• **What to work on**
Set out exactly, and only, the lines running from the one containing "vidaXL Pieds de" to the bottom of the listing below; pictures stay out.

• **Material provided**
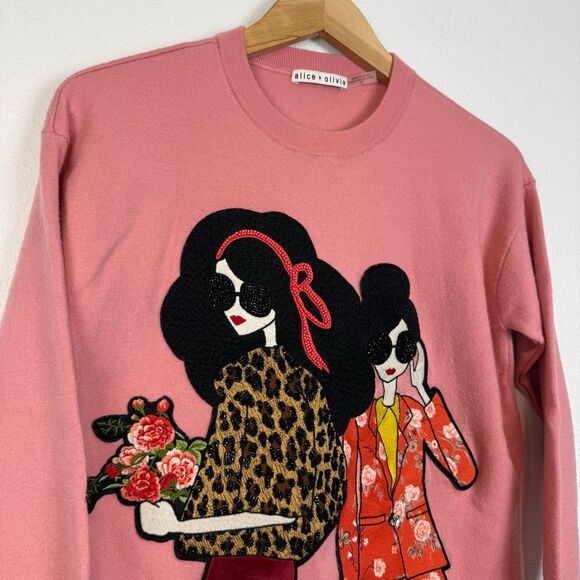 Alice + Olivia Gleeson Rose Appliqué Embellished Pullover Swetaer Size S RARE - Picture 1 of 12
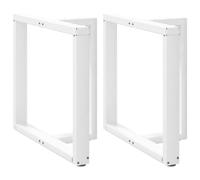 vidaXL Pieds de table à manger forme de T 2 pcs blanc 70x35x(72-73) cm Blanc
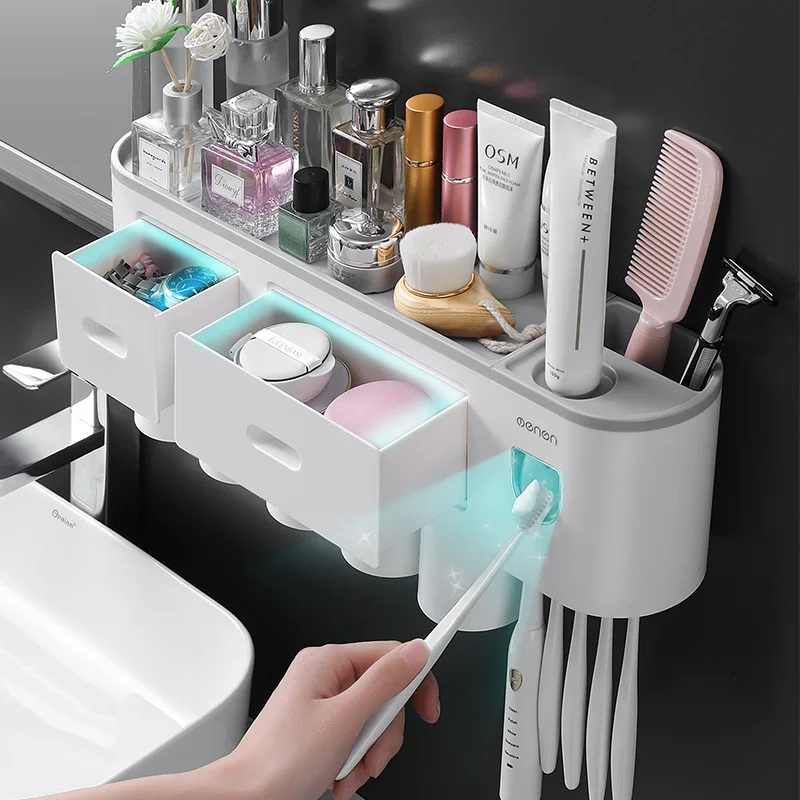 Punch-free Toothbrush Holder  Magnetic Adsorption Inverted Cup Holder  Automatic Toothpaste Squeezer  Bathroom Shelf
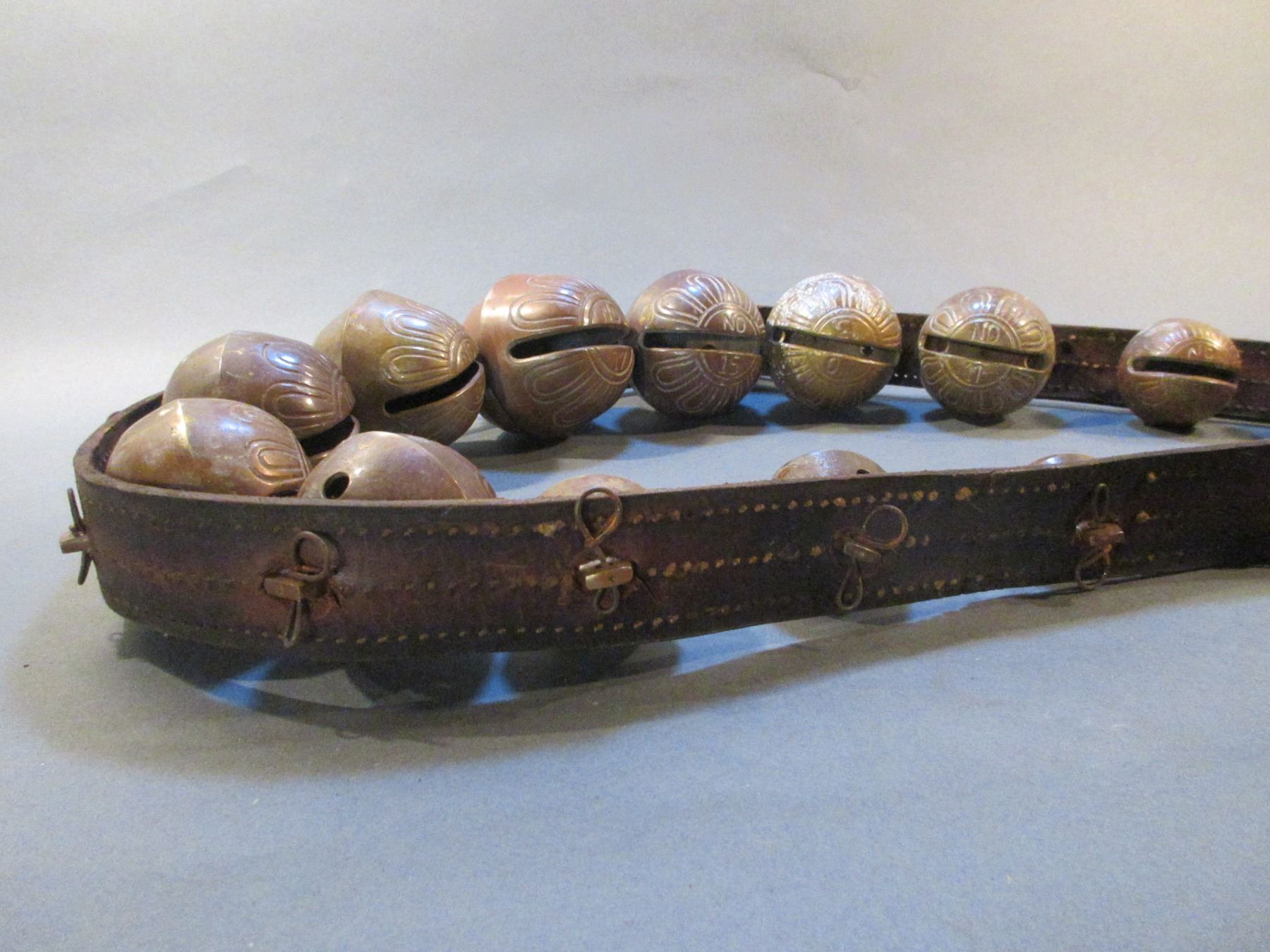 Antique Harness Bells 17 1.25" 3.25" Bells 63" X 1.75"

• **Result**
 vidaXL Pieds de table à manger forme de T 2 pcs blanc 70x35x(72-73) cm Blanc
 Punch-free Toothbrush Holder  Magnetic Adsorption Inverted Cup Holder  Automatic Toothpaste Squeezer  Bathroom Shelf
 Antique Harness Bells 17 1.25" 3.25" Bells 63" X 1.75"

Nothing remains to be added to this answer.